- _Source records_:
══════
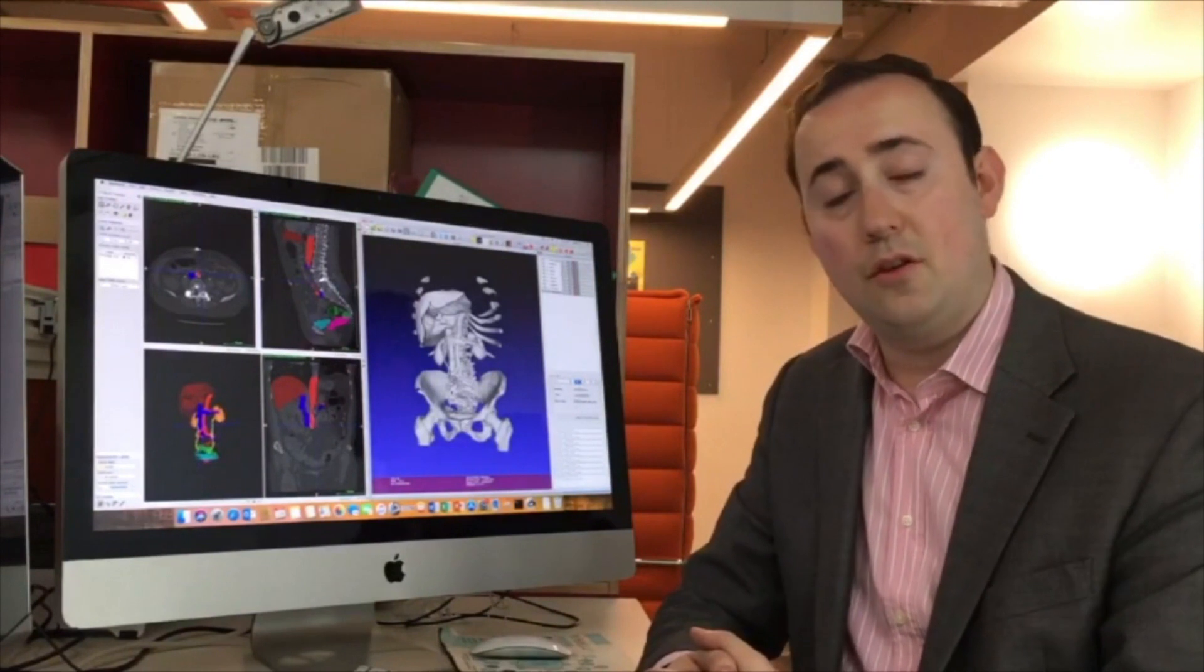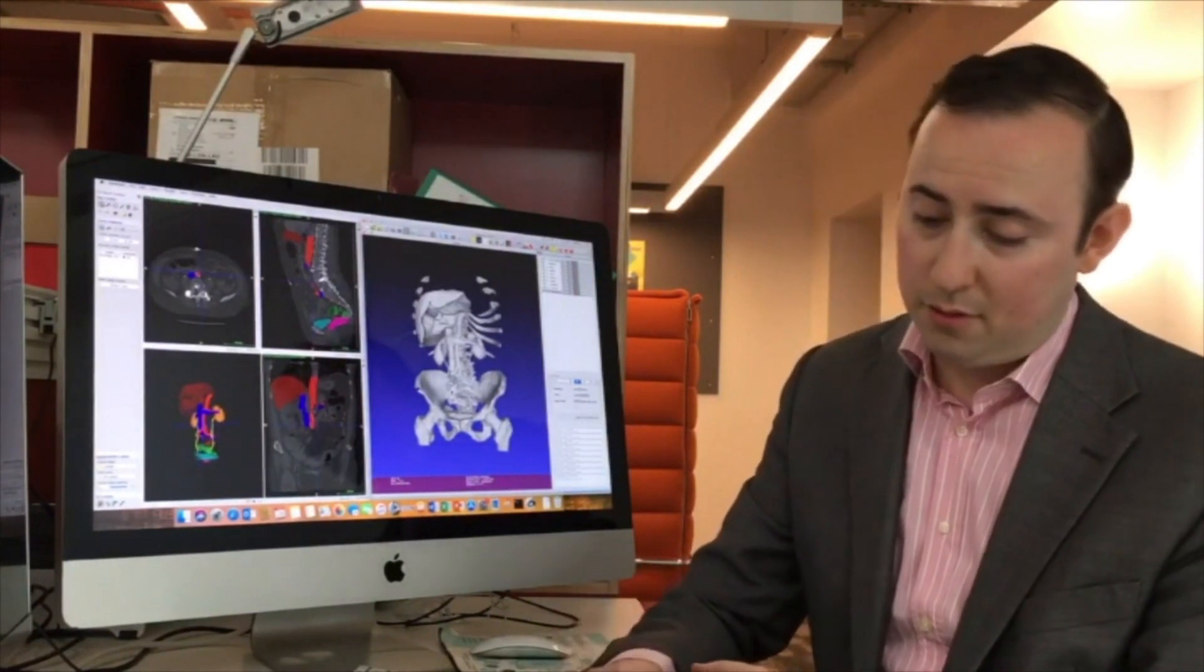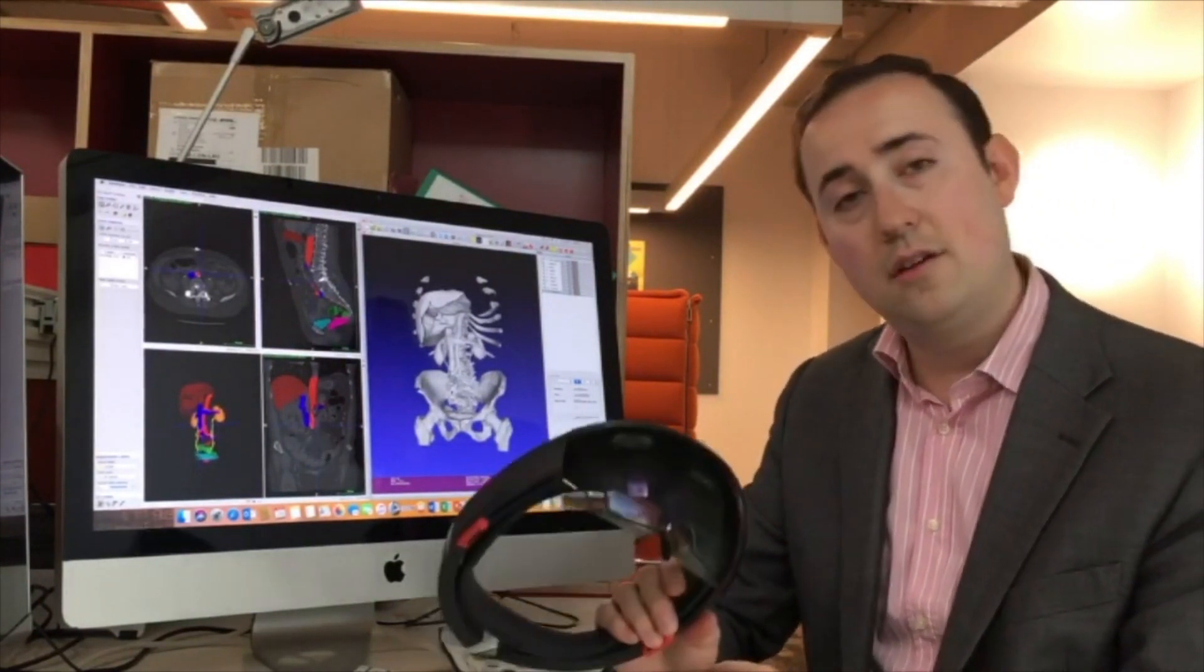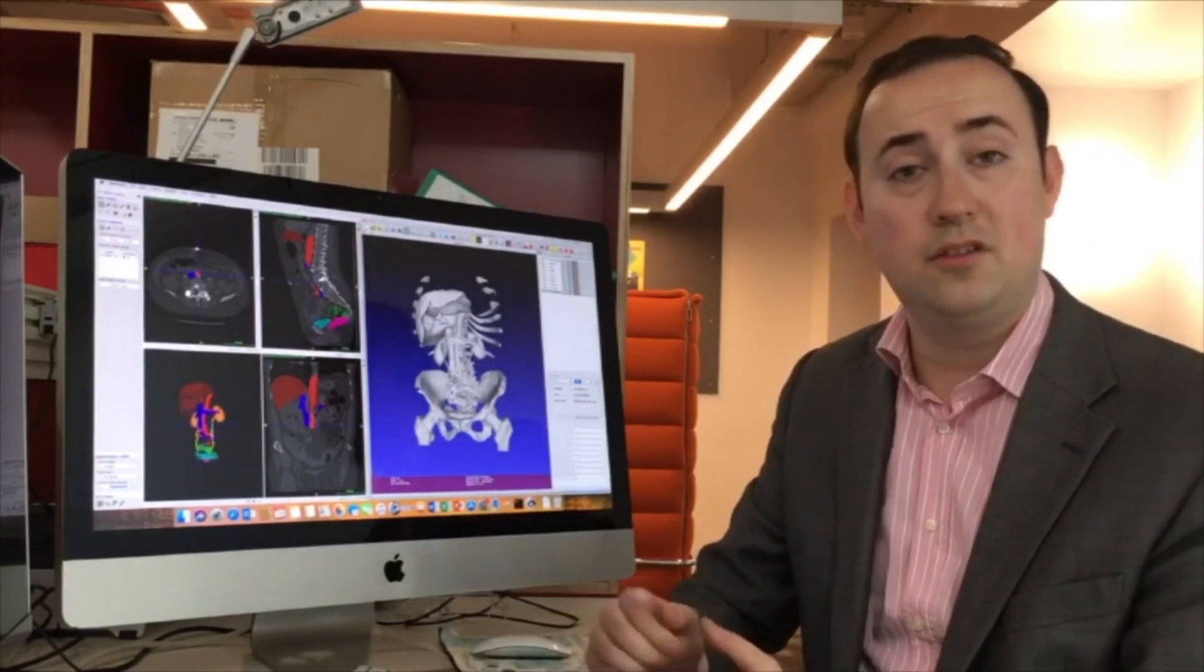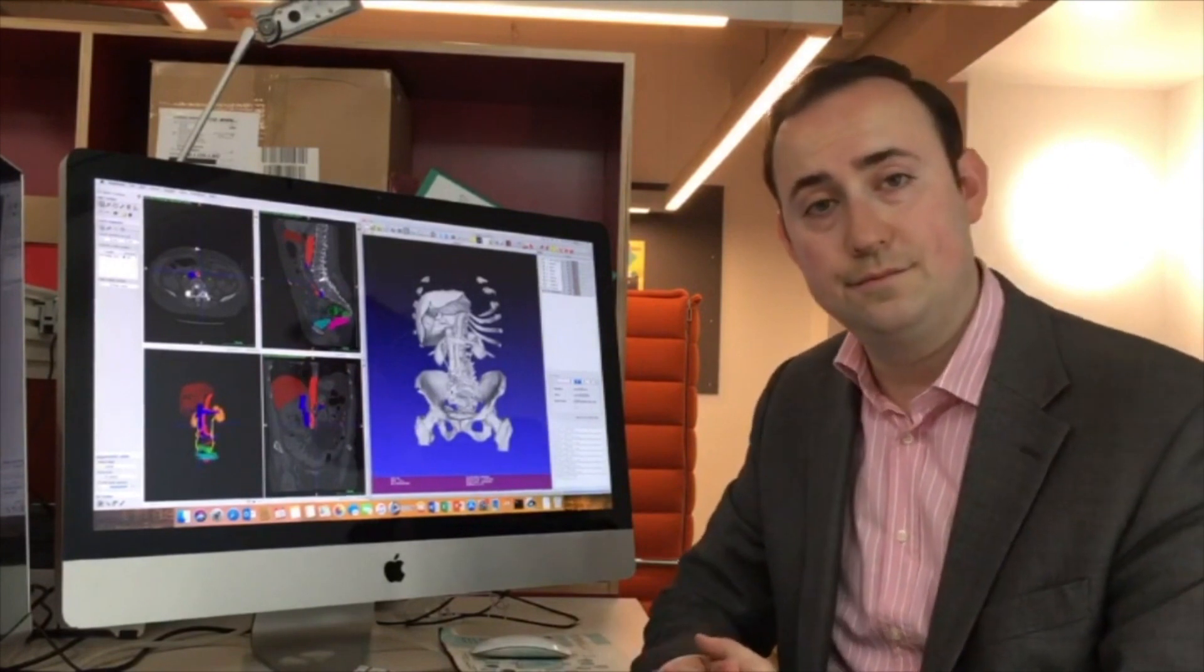This can then be loaded onto multiple viewing devices. We use the Microsoft HoloLens that can be used in theatre and controlled in a sterile manner.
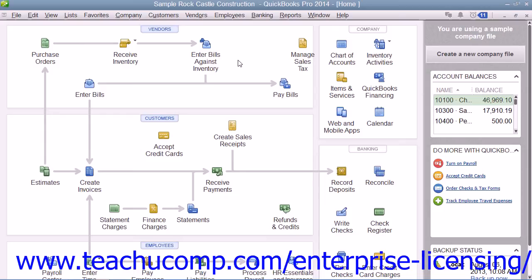After you have collected taxes, you'll then need to find out what you owe. As taxable sales are recorded, QuickBooks keeps track of the taxes collected within the sales tax payable account. When it comes time to pay a sales tax agency, you can open the sales tax payable register to see how much is owed, or you can create a sales tax liability report.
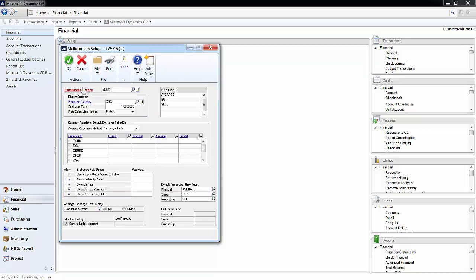Next, I will show you how to set up an exchange rate table. This table will store many exchange rates for a single currency. Rates are entered periodically in GP and assigned to currencies.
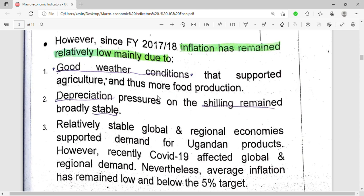Depreciation pressure on the shilling remained broadly stable — our money was not losing value excessively. Relatively stable global and regional economies also supported demand for Ugandan products. However, COVID-19 recently affected global and regional demand, yet average inflation has remained low and below the five percent target.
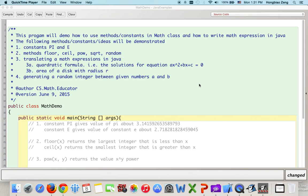This video is recorded to help my students understand how to use methods and constants in the Math class, and how to write math expressions in Java. The following will be demonstrated: how to use the constants PI and E, and how to use methods floor, sine, power, square root, and random. Then we apply this to write the quadratic formula for ax² + bx + c = 0 in Java, the area of a disk with radius r (pi r squared), and generate a random integer between given numbers a and b.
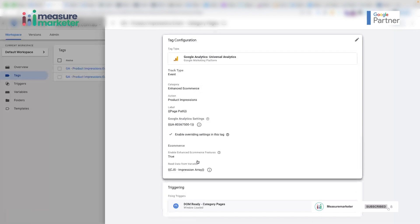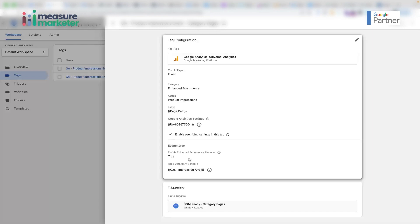The custom JavaScript variable returns an object in the exact data schema that Google expects when sending data through the data layer format. I hope this video has given you some knowledge on how you can use custom JavaScript variables in Google Tag Manager to implement enhanced e-commerce tracking.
══════
- _What to do_: Reproduce the data word for word, excluding its pictures.

- _Expected output_:
This can then be loaded onto multiple viewing devices. We use the Microsoft HoloLens that can be used in theatre and controlled in a sterile manner.
After you have collected taxes, you'll then need to find out what you owe. As taxable sales are recorded, QuickBooks keeps track of the taxes collected within the sales tax payable account. When it comes time to pay a sales tax agency, you can open the sales tax payable register to see how much is owed, or you can create a sales tax liability report.
Next, I will show you how to set up an exchange rate table. This table will store many exchange rates for a single currency. Rates are entered periodically in GP and assigned to currencies.
Depreciation pressure on the shilling remained broadly stable — our money was not losing value excessively. Relatively stable global and regional economies also supported demand for Ugandan products. However, COVID-19 recently affected global and regional demand, yet average inflation has remained low and below the five percent target.
This video is recorded to help my students understand how to use methods and constants in the Math class, and how to write math expressions in Java. The following will be demonstrated: how to use the constants PI and E, and how to use methods floor, sine, power, square root, and random. Then we apply this to write the quadratic formula for ax² + bx + c = 0 in Java, the area of a disk with radius r (pi r squared), and generate a random integer between given numbers a and b.
The custom JavaScript variable returns an object in the exact data schema that Google expects when sending data through the data layer format. I hope this video has given you some knowledge on how you can use custom JavaScript variables in Google Tag Manager to implement enhanced e-commerce tracking.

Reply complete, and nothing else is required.